■ RECORDS TO USE
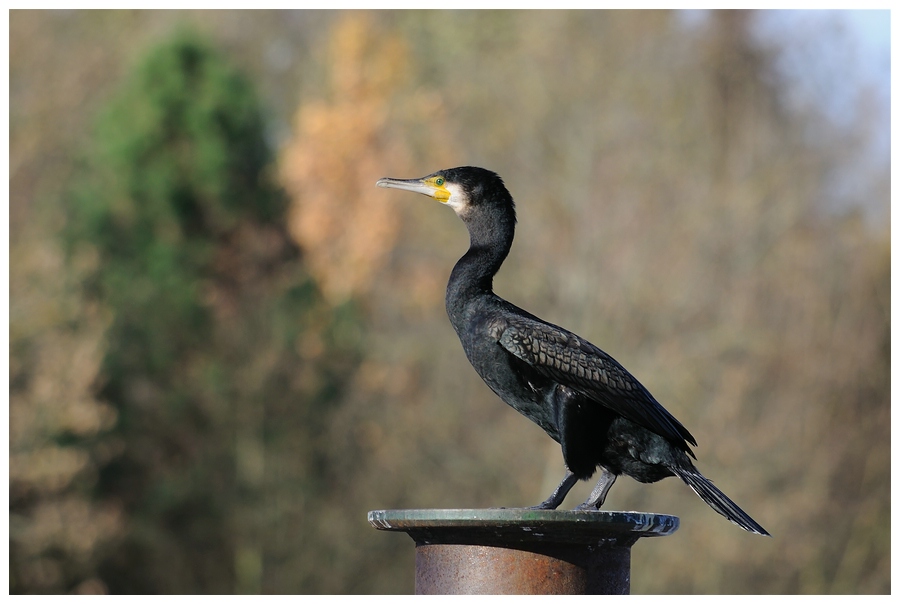 Kormoran
mit 55-300VR, f8, ISO400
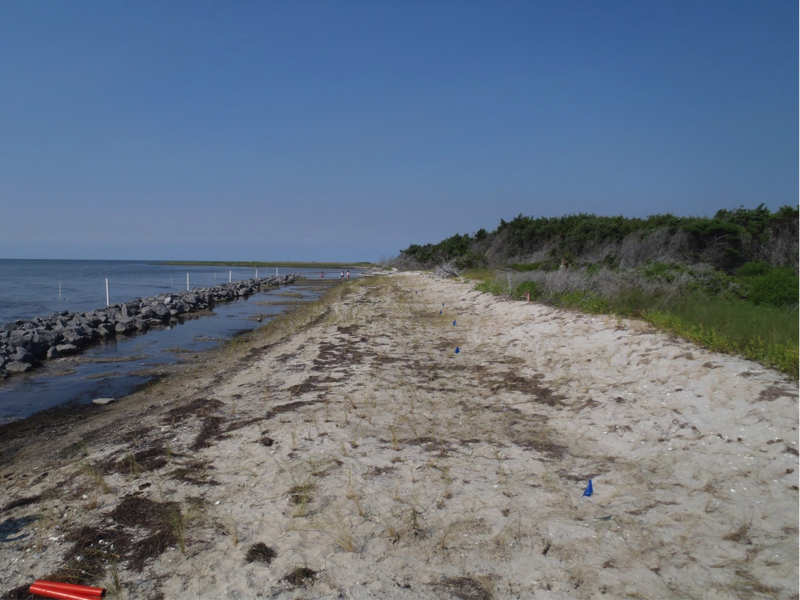 Off Shore sill is built and first marsh grasses are planted, June 2011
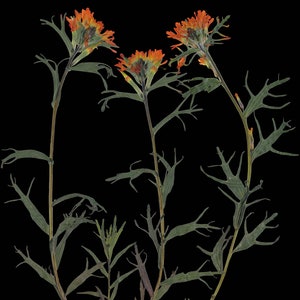 Indian Paintbrush Print Pressed Flower with Black Background 5X7, 8X10, 11X14 or 16X20 Dark Floral Wall Art Glacier Park Montana image 2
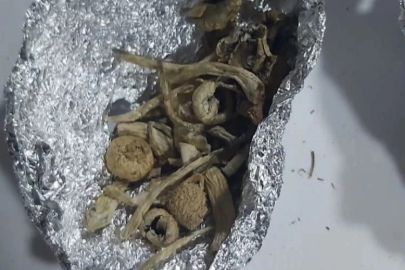 Mudanya'da 'Sihirli Mantar'a 1 gözaltı!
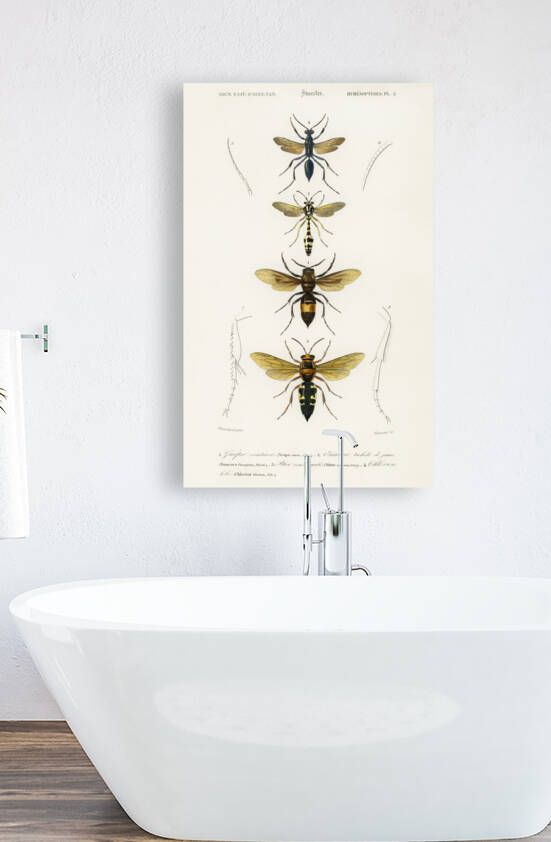 Different types of wasps by IStockHistory com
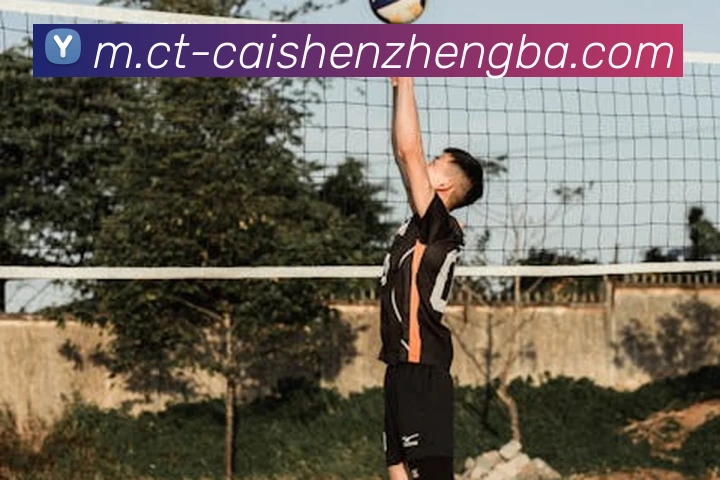 彩神争霸发展历程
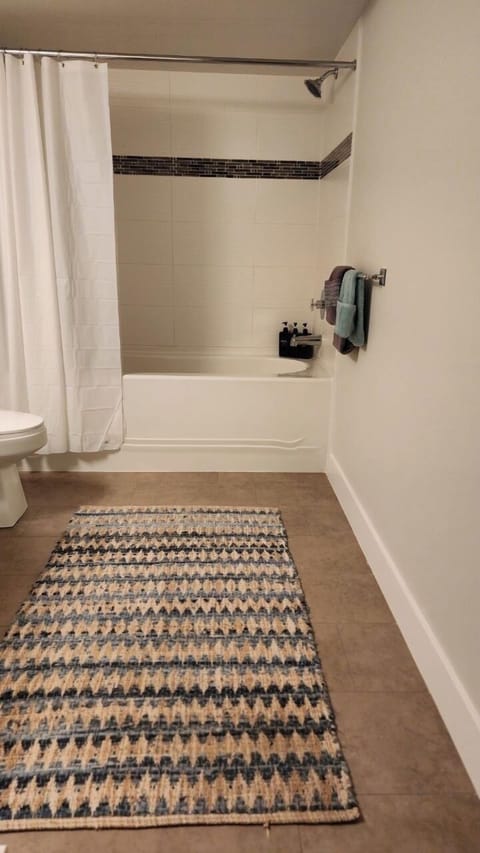 Combined shower/tub, hair dryer, towels, soap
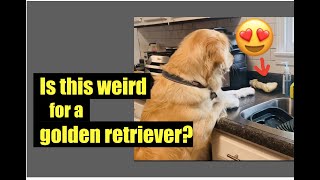 Weird Behaviours of a Golden Retriever? by Filipina Wife - Abroad 2,249 views 2 years ago 8 minutes, 6 seconds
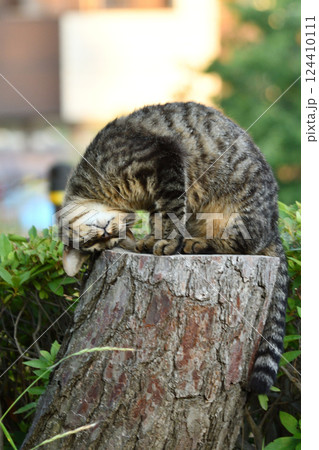 夕方の公園でくつろぎ切り株に頭を擦り付けるキジトラのノラ猫 124410111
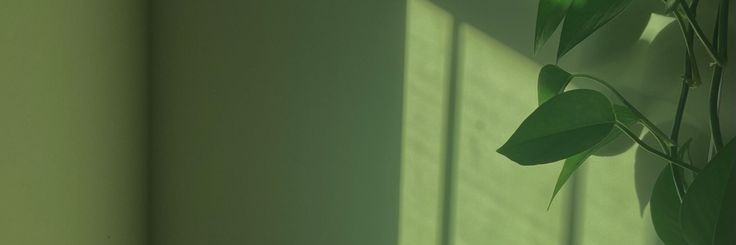 94klaing's profile banner image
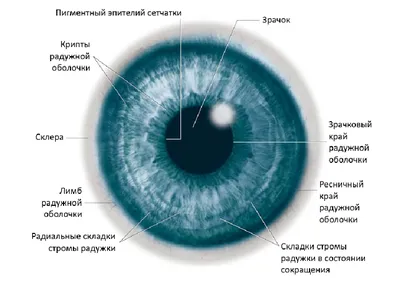 Анатомия глаза человека, функциональные возможности зрения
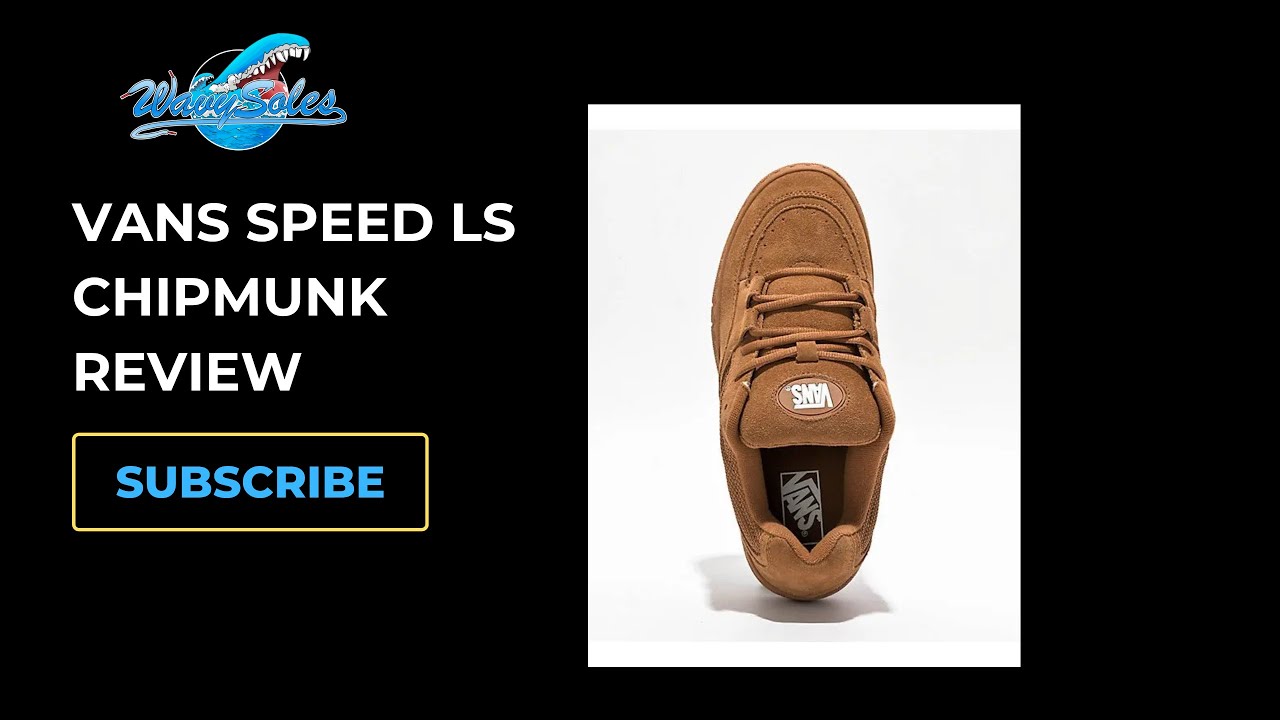 Vans Speed LS Sneaker Review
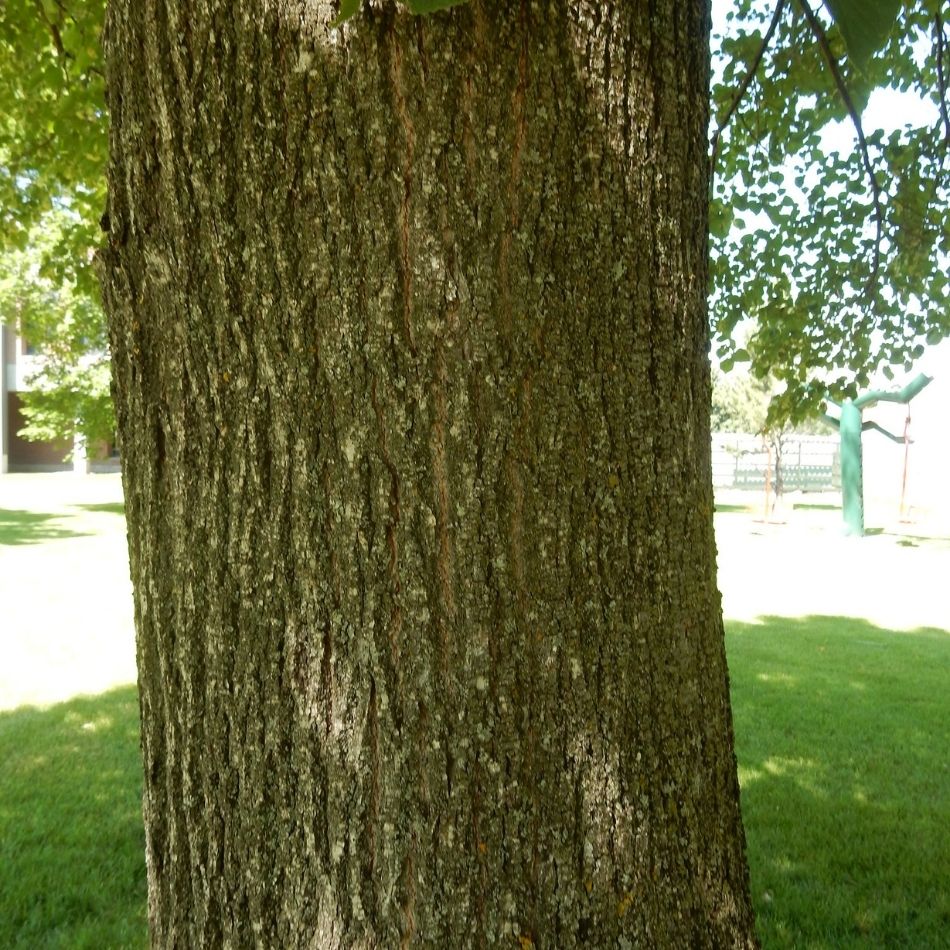 Tilia cordata ‘Greenspire’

■ TO DO
Exactly as written, return every line of the listing, but not the pictures.

■ OUTPUT OF THE EXERCISE
 Kormoran
mit 55-300VR, f8, ISO400
 Off Shore sill is built and first marsh grasses are planted, June 2011
 Indian Paintbrush Print Pressed Flower with Black Background 5X7, 8X10, 11X14 or 16X20 Dark Floral Wall Art Glacier Park Montana image 2
 Mudanya'da 'Sihirli Mantar'a 1 gözaltı!
 Different types of wasps by IStockHistory com
 彩神争霸发展历程
 Combined shower/tub, hair dryer, towels, soap
 Weird Behaviours of a Golden Retriever? by Filipina Wife - Abroad 2,249 views 2 years ago 8 minutes, 6 seconds
 夕方の公園でくつろぎ切り株に頭を擦り付けるキジトラのノラ猫 124410111
 94klaing's profile banner image
 Анатомия глаза человека, функциональные возможности зрения
 Vans Speed LS Sneaker Review
 Tilia cordata ‘Greenspire’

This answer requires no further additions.